In 1973, the Fordham Road – 190th Street elevated station was closed along with the rest of the Third Avenue El, in part to encourage development in areas such as Fordham Plaza and The Hub. The elevated structure was removed by 1977. Also in 1973, a shopping complex (called Fordham Plaza Development or Fordham Road Plaza Development) was planned for construction on the undeveloped Postal Service site, anchored by the E. J. Korvette department store. The 10-story site would have contained office space for Con Edison and extended south to 188th Street, with 189th Street to be demapped. The project would also include a parking garage, a car dealership, and a scaled-down version of the planned central post office.

The project had been proposed in part to stave off blight and economic downturn in the area due to the 1970s fiscal crisis, which had led city officials to try to prevent Fordham University from relocating out of the borough and into Westchester County, in addition to declare Fordham Road the northern boundary of the South Bronx to reduce the stigma of Fordham being associated with the rundown South Bronx. While construction was planned to be completed by mid-1977, it was delayed by negotiations with the Postal Service (who were asking $8 million for the sale of the site after paying $1.8 million a decade earlier), and ultimately stopped in 1981 when the application for federal funds for the project was frozen.

=== Later redevelopment ===
In 1981, the Sears location on Webster Avenue opened within the former space of the Rogers Department Store branch. In October 1984, a groundbreaking ceremony was held for One Fordham Plaza, the successor to the mall project of the 1970s and the first new office complex in the borough in over 25 years. The Skidmore, Owings & Merrill-designed structure was built on the 5.5 acre former Postal Service property that had been a vacant urban-renewal site for over a decade prior; the USPS was paid $1.4 million in 1983 to give up the plot and move to a smaller site one block south on East 188th Street, which is now the Fordham Post Office. The structure was complete by 1985, and it opened in August 1986 at the cost of about $65 million. Upon opening, it was predominantly leased by city and state agencies, while much of the retail space was vacant. The building was over 95 percent occupied by 1991.
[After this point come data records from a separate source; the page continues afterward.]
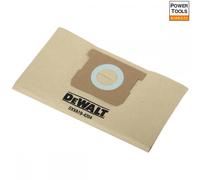 Dewalt DXVA19-4204 08002/03/04 3X Dust Bag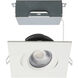 ColorQuick White Direct Wire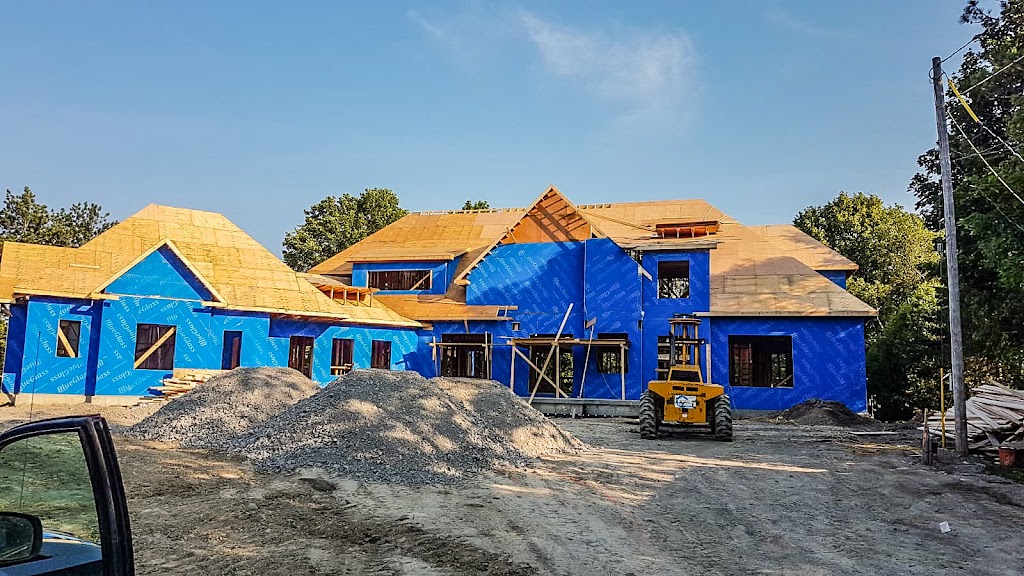 Felix Home Building & Renovations Inc | 7294 Baker School Rd, Hampton, ON L0B 1J0, Canada | Phone: (905) 260-8403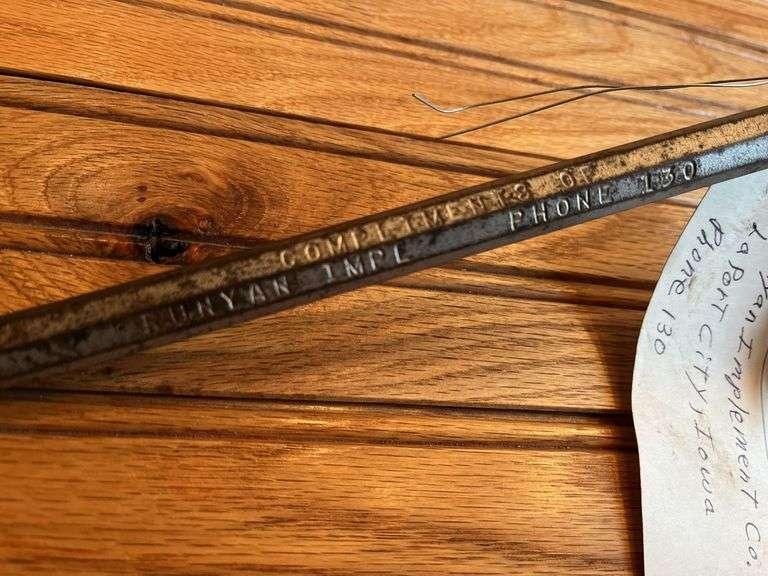 MM Crowbar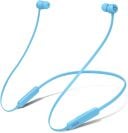 Beats Flex headphones in blue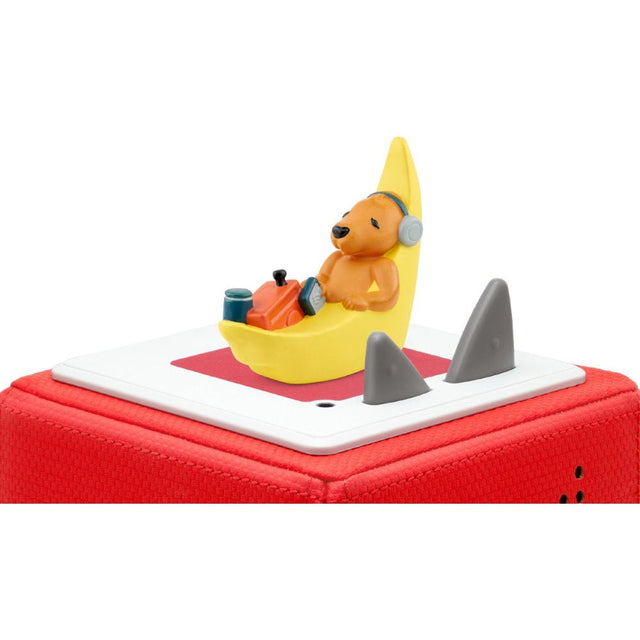 Tonies | Ohrenbär | Ohrenbär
Prior to the 1990s, what is now the Fordham Plaza Bus Terminal was a peddler's market, metered parking lot, and bus layover area. In the 1980s, it was proposed to redevelop the site into a bus terminal and public space. Construction began in 1995, paving the plaza with cobblestone and adding the bus shelters and obelisk sculptures. It was officially opened on August 28, 1997.

In 2004, the Sears Building was purchased by the Acadia Realty Trust and P/A Associates. A year later, an expansion project was announced. On March 29, 2007, groundbreaking began on the expansion of the complex, renamed Fordham Place, which would build a new 14-story mixed use structure on two parking lots adjacent to the Sears building. It was the first mixed-use development in the borough since the opening of One Fordham Plaza. The Sears store closed that year due to the project. The new Fordham Place, however, brought several new outlets, including the borough's first Best Buy location, a Walgreens pharmacy, and a new smaller Sears store. The enlarged complex opened in February 2009. As of March 11, 2025, however, all 3 stores have since closed or relocated due to increased crime.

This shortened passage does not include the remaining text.